Victoria’s Secret 2018
The first time that the filmmaker Lorna Tucker met her muse, the fashion iconoclast Dame Vivienne Westwood, is “a bit of a naughty secret.” Though Tucker spent over three years shadowing the designer in the making of her debut documentary Westwood: Punk, Icon, Activist, she says she never told her the story behind their fleeting first encounter. Tucker, then a teenage a single mother who had been scouted to work as a model – a “terrible model”, mind you – was walking in a charity fashion show, one of the designers participating in which was Westwood. “We all wore these Vivienne creations and walked out on this catwalk and they gave us this perfume, Boudoir – every model had to spray it on the audience,” Tucker recalls, laughing at the memory, over the phone from her home in London. After the show concluded, Tucker hurriedly donned her civilian clothing backstage, perfume still in-hand, “and legged it” – pinching the perfume in the process just as the call was issued demanding all models return their perfume immediately.
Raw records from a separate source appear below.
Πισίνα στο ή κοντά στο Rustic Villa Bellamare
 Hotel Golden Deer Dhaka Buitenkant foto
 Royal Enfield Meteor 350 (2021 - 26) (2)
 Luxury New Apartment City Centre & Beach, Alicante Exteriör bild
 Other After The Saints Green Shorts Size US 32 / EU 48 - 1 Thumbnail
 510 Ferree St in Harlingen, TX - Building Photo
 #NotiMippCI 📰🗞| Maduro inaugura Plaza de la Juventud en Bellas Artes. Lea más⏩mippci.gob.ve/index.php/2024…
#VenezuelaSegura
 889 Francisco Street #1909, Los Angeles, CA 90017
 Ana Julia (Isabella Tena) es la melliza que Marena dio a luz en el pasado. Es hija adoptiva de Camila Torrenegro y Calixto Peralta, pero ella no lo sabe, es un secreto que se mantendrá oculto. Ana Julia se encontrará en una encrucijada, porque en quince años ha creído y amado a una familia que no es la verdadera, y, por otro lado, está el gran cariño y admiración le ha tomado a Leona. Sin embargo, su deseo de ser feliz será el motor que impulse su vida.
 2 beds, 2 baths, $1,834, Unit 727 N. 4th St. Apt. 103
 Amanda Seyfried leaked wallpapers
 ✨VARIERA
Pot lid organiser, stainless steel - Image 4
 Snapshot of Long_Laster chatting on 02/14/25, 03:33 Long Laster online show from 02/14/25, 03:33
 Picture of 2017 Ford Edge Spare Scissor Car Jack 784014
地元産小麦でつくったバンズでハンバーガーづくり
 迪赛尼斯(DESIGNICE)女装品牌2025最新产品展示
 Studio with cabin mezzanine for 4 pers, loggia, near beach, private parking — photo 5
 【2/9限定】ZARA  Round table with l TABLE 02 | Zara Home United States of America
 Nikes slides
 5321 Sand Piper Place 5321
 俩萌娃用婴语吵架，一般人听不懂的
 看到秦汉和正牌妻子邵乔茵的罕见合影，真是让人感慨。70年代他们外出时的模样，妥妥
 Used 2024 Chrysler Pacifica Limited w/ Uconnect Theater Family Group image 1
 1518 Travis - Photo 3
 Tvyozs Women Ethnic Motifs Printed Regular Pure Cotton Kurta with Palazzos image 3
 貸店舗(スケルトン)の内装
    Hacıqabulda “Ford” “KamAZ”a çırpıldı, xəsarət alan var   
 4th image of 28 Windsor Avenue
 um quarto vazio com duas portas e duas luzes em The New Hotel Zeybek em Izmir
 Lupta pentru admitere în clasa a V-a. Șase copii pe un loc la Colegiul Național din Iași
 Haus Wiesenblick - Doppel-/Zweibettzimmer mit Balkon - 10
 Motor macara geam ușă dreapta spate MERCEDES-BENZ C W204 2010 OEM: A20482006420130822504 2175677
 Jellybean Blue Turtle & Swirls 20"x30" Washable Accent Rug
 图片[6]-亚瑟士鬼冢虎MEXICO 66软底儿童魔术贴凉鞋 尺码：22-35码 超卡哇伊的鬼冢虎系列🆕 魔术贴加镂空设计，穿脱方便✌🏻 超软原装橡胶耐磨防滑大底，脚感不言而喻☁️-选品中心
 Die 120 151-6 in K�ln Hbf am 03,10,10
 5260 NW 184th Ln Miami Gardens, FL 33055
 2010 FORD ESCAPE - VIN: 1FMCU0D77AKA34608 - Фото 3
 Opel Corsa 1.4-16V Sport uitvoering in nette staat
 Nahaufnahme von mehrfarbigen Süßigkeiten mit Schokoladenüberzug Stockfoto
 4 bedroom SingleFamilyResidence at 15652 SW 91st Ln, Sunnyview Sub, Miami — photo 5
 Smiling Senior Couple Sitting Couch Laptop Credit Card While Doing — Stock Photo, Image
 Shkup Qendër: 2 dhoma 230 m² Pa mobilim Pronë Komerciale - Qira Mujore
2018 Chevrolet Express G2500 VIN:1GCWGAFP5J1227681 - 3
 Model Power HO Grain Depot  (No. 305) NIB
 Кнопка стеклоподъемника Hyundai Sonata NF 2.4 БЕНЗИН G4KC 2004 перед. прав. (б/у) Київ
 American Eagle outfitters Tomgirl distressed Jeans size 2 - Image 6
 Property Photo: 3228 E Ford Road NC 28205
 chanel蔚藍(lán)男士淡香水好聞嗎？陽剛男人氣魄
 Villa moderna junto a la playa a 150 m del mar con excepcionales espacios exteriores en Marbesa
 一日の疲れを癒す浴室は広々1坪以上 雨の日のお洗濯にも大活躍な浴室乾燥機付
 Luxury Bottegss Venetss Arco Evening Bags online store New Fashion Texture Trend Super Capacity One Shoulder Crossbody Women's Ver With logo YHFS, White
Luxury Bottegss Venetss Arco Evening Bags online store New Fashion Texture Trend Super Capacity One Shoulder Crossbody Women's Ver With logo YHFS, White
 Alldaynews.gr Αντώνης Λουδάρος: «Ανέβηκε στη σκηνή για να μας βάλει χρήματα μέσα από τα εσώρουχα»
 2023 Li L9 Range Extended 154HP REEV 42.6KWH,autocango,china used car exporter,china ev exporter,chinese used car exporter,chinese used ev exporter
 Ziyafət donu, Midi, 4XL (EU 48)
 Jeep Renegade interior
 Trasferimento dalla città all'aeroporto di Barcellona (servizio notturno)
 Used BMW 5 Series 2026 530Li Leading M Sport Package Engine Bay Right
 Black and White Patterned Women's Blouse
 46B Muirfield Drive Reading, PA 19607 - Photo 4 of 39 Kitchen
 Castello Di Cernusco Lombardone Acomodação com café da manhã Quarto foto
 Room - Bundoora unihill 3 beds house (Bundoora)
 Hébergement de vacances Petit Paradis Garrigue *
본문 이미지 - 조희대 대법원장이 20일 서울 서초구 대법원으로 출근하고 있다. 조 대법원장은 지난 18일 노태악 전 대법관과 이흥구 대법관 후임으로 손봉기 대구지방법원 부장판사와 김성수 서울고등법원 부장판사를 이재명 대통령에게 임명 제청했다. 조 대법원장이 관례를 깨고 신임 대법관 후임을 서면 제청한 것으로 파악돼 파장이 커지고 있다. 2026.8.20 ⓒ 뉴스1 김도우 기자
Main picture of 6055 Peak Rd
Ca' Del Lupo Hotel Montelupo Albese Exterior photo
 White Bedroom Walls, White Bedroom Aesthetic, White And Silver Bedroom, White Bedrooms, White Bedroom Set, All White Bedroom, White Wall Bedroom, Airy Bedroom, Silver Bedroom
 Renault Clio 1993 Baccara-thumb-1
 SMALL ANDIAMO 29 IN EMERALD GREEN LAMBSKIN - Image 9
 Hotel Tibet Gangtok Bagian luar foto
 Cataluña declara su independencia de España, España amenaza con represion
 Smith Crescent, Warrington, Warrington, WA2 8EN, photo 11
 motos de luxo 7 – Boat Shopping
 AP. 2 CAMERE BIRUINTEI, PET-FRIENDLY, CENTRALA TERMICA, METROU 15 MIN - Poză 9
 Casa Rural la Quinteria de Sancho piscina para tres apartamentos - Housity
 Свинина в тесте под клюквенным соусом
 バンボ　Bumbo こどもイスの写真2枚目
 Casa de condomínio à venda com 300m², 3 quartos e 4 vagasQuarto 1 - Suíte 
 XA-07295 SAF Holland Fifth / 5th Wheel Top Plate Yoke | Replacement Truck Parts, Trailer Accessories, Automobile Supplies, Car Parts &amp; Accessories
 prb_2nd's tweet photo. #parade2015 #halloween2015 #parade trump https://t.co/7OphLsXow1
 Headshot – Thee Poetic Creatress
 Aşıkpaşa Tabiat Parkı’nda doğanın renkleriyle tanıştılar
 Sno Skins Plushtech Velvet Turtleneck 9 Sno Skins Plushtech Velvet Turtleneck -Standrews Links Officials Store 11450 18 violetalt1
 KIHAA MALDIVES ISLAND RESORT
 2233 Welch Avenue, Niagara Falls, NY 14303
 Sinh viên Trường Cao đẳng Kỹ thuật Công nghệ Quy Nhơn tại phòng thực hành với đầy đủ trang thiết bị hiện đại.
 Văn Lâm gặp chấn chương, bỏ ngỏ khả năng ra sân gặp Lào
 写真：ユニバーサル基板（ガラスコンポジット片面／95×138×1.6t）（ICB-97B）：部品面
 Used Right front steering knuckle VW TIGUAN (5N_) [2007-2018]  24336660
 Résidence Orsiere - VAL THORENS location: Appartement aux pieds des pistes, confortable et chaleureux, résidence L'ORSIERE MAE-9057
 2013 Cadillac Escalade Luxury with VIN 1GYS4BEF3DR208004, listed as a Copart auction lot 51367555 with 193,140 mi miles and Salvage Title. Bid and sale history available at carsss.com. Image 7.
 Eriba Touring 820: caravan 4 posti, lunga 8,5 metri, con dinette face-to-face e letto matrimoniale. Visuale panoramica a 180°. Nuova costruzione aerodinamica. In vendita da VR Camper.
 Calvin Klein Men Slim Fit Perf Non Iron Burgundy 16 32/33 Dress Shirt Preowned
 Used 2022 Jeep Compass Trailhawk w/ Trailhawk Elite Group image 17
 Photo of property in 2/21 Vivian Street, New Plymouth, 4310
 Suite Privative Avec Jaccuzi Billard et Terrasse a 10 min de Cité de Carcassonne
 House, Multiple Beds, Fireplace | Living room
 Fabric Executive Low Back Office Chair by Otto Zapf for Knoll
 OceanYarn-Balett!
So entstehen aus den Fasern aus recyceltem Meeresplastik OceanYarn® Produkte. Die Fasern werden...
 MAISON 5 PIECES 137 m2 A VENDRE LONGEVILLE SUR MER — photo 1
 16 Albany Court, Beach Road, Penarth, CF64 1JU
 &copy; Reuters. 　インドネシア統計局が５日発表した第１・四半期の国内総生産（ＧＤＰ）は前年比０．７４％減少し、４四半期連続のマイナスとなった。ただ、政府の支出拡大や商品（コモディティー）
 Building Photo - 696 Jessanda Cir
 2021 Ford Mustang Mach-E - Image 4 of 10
“I just remember, as I was running out the door, looking at her and catching her eye and just thinking, ‘Wow, what a beautiful, incredible woman.’ […] The second time I met her, she always looked at me like she recognised me from somewhere, but I don’t think she knew where.”
Years later, in 2008, Tucker and Westwood would meet properly at the invitation of the British trip-hop group Unkle and Queens of the Stone Age, who had asked her to film Westwood performing a rap that the designer had asked the musicians to write for her. Tucker remembers entering the studio, at the time a “cocky girl trying to break into the film industry”, and seeing Westwood walk in as though in slow motion. “She just looked so sexy, and so defiant. She had this long red hair and these platform shoes. I just remember my chin hitting the floor and [thinking], ‘Wow, this is what a woman is.’” That half-day worth of filming, during which time the two conversed about environmental and human rights abuses and the designer took an active interest in the tumultuous personal life of the filmmaker, was enough to inspire Tucker to persevere at filmmaking. It also provoked within Tucker a desire to ask further questions of Westwood – the kinds of questions that have grown into one of the year’s most engrossing fashion documentaries.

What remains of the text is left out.